— INFORMATION SHOWN —
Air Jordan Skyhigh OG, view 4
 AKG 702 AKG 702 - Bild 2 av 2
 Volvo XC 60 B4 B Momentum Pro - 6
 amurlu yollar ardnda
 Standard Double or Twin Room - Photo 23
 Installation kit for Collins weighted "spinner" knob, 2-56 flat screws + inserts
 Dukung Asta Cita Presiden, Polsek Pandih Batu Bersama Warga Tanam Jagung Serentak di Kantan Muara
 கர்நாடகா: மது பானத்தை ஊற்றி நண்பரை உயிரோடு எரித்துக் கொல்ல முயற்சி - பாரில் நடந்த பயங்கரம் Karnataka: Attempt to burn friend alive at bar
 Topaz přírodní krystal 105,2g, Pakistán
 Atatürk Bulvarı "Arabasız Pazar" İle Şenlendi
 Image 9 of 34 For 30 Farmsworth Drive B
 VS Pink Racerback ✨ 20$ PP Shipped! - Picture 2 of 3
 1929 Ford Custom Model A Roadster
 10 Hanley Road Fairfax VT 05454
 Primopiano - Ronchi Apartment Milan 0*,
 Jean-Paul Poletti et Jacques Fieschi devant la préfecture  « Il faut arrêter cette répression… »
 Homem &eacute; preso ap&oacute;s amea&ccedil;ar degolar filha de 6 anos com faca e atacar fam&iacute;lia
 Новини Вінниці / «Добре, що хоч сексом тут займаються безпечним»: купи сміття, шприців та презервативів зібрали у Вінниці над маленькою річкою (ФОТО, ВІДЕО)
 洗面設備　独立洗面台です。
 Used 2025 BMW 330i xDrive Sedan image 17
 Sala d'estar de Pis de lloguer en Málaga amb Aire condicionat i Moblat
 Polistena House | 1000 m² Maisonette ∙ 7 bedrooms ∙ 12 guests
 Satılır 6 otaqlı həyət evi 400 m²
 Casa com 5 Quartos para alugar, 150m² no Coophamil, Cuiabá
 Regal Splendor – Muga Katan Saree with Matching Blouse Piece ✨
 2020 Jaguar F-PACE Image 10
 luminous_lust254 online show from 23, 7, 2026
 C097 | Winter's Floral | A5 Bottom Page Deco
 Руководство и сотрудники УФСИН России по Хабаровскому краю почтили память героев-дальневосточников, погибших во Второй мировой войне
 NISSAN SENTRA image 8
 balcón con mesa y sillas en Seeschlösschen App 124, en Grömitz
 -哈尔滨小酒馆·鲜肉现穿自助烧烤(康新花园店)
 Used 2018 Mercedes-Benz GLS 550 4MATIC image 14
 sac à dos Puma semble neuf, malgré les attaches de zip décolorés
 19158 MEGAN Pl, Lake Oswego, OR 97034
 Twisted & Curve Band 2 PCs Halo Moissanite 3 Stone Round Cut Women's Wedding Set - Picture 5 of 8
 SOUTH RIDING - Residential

— TASK DETAILS —
Retype exactly the lines above, from the one with "VS Pink Racerback" through the one with "C097 | Winter's Floral | A5 Bottom Page Deco", inclusive.

— RESULT OF THE EXERCISE —
 VS Pink Racerback ✨ 20$ PP Shipped! - Picture 2 of 3
 1929 Ford Custom Model A Roadster
 10 Hanley Road Fairfax VT 05454
 Primopiano - Ronchi Apartment Milan 0*,
 Jean-Paul Poletti et Jacques Fieschi devant la préfecture  « Il faut arrêter cette répression… »
 Homem &eacute; preso ap&oacute;s amea&ccedil;ar degolar filha de 6 anos com faca e atacar fam&iacute;lia
 Новини Вінниці / «Добре, що хоч сексом тут займаються безпечним»: купи сміття, шприців та презервативів зібрали у Вінниці над маленькою річкою (ФОТО, ВІДЕО)
 洗面設備　独立洗面台です。
 Used 2025 BMW 330i xDrive Sedan image 17
 Sala d'estar de Pis de lloguer en Málaga amb Aire condicionat i Moblat
 Polistena House | 1000 m² Maisonette ∙ 7 bedrooms ∙ 12 guests
 Satılır 6 otaqlı həyət evi 400 m²
 Casa com 5 Quartos para alugar, 150m² no Coophamil, Cuiabá
 Regal Splendor – Muga Katan Saree with Matching Blouse Piece ✨
 2020 Jaguar F-PACE Image 10
 luminous_lust254 online show from 23, 7, 2026
 C097 | Winter's Floral | A5 Bottom Page Deco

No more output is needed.